Natürlich stellten sich die Forscher:innen dann die Frage, wo dieser Sauerstoff herkommt. Da in tausenden Metern Tiefe komplette Dunkelheit herrscht, kann dort keine Photosynthese stattfinden. Eine mögliche Erklärung wären chemische Reaktionen und radioaktive Zerfallsprozesse im Sediment, allerdings können diese nur für einen Anteil von weniger als 0,5 Prozent der gemessenen Sauerstoffproduktion verantwortlich sein.

Erstaunlicher Prozess produziert Sauerstoff

Der Sauerstoff musste also durch einen Prozess produziert werden, der bisher noch komplett unbekannt ist. Sweetman und seine Kolleg:innen wollten diesem Prozess im Labor auf den Zahn fühlen. Dabei konzentrierten sie sich vor allem auf die Manganknollen, da in Arealen mit hoher Konzentration dieser Knollen besonders hohe Sauerstoffwerte gemessen wurden.

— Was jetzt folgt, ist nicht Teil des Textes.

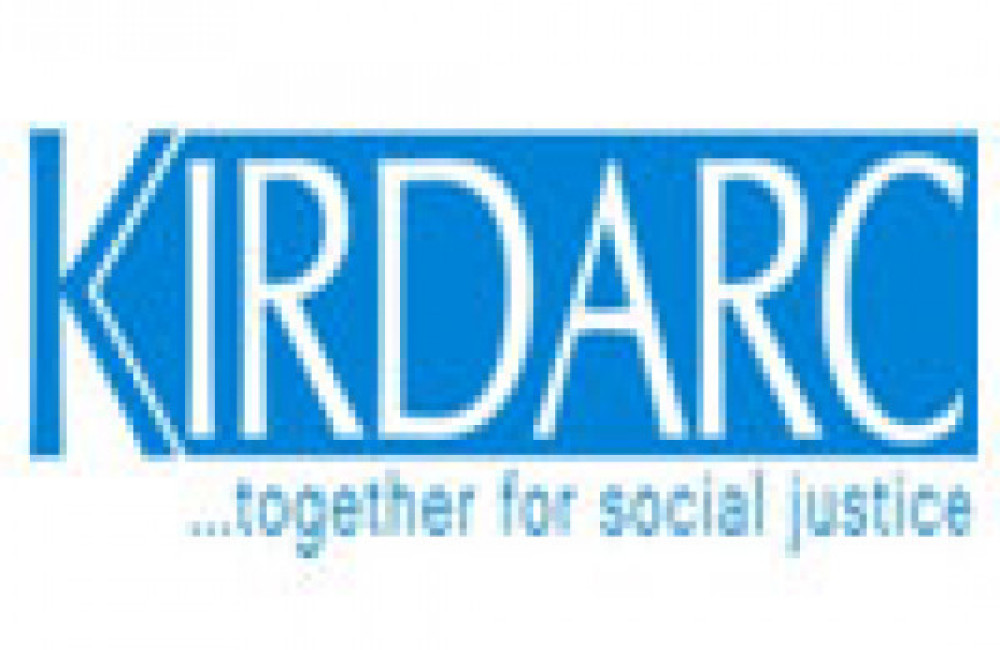 KIRDARC-Nepal Logo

Die Forscher:innen führten elektrische Messungen an den Manganknollen durch, wobei sie herausfanden, dass diese eine hohe elektrische Spannung erzeugen. An der Oberfläche einiger Knollen entstanden Spannungen von bis zu 0,945 Volt. „Wir vermuten, dass diese Energie von den Potentialdifferenzen der MetalIionen in den Knollenschichten stammt, so das Team. Die daraus resultierende interne Umverteilung von Elektronen erzeuge die elektrische Spannung.

Diese natürlichen „Geobatterien“ erklären die Sauerstoffproduktion in der Tiefsee: Der entstehende Strom führt zu einer elektrolytischen Spaltung des Meerwassers. Wenn mehrere Manganknollen dicht beieinander liegen, können die dafür nötigen 1,5 Volt erreicht werden.

Tiefseebergbau: Schädigender als gedacht?

Meiner Ansicht nach ist dies eine der spannendsten Entdeckungen der Meeresforschung der jüngsten Zeit. Der Nachweis einer Sauerstoffproduktion durch einen nicht-photosynthetischen Prozess zwingt uns dazu, auch unsere Vorstellungen zur Entstehung komplexen Lebens auf diesem Planeten neu zu überdenken„, kommentiert Nicholas Owens, der Direktor der Scottish Association for Marine Science die Ergebnisse. Derartige „Geobatterien könnten schon bevor sich photosynthesefähige Organismen verbreiteten Sauerstoff für aerobe Lebensformen geliefert haben.

Außerdem könnten die Erkenntnisse dazu führen, dass der geplante Tiefseebergbau überdacht werden muss. Die neu entdeckte Sauerstoffproduktion könnte ein Grund für die tierische Artenvielfalt in knollenreichen Gebieten sein. Wenn die Knollen abgebaut werden, könnte dies das Ökosystem in der Tiefsee nachhaltiger schädigen als man bisher angenommen hat.